From: Joe Xavier (joexav@microsoft.com)
Date: Mon May 24 2004 - 19:44:13 PDT

  • Next message: Education Sales: "Academic Discounts on Adobe, Microsoft, & Symantec 101250"

    P. G. Selinger et al - Access Path Selection in a Relational Database Management System

    The paper describes System R's query optimizer and in general covers the four stages in processing a SQL query - parsing (briefly), optimization, (coming up with plans), code generation (machine code) and execution.
    Section 3 talks about the Research Storage System which is the storage subsystem. Access is through a tuple-oriented interface - RSI. The section talks about how data is laid out on disk in the case of tuples and in the case when the data is indexed.

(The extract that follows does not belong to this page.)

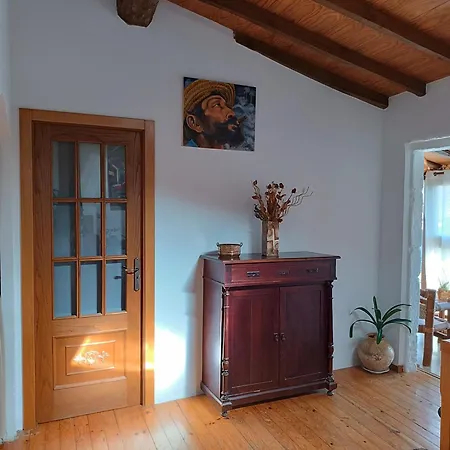 La Casa De Rocas - En La Ribeira Sacra Holiday home *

It describes the I/O required for each. The two kinds of scans for SQL statements are the segment sacn (all tuples for a relation) and the second is an index scan. In teh case of a segment scan, all non-empty pages of a segmant are touched once. In the case of a index scan on an non-clustered, every page in the index is touched once but data pages may be touched more than once. This is avoided in a non-clustered index.
    Section 4 talks about the costs for a single relation access path.
    The estimated cost of a single relation access plan has two parts - I/O and CPU. The aspects which affect teh cost include whether an index can be used, if the index is clustered, and page numbers of the index. The assumption that the distribution of data is uniform is not always close to being true so the rough statistics that are used can lead to inaccurate estimates. The section contains some formulae for cost estimation for different kinds of predicates.
    Section 5 talks about the costs for access path selection for joins.
    They consider two techniques for joins on tables - nested loops method and merging scans. They then extend this discussion to N-way joins since they can be expressed as a sequence of 2-way joins. The section also deals with computation of the costs for the joins. An intereting point is that the formulas for coputing the cost for nested loops joins and merging scans joins are essentially the same.
    The next section deals with nested queries. It introduces the concept of a co-relation subquery which is a subquery that references tuples from a higher level query implying that it needs to be reevaluated for each tuple in the referenced query block.

     


  • Next message: Education Sales: "Academic Discounts on Adobe, Microsoft, & Symantec 101250"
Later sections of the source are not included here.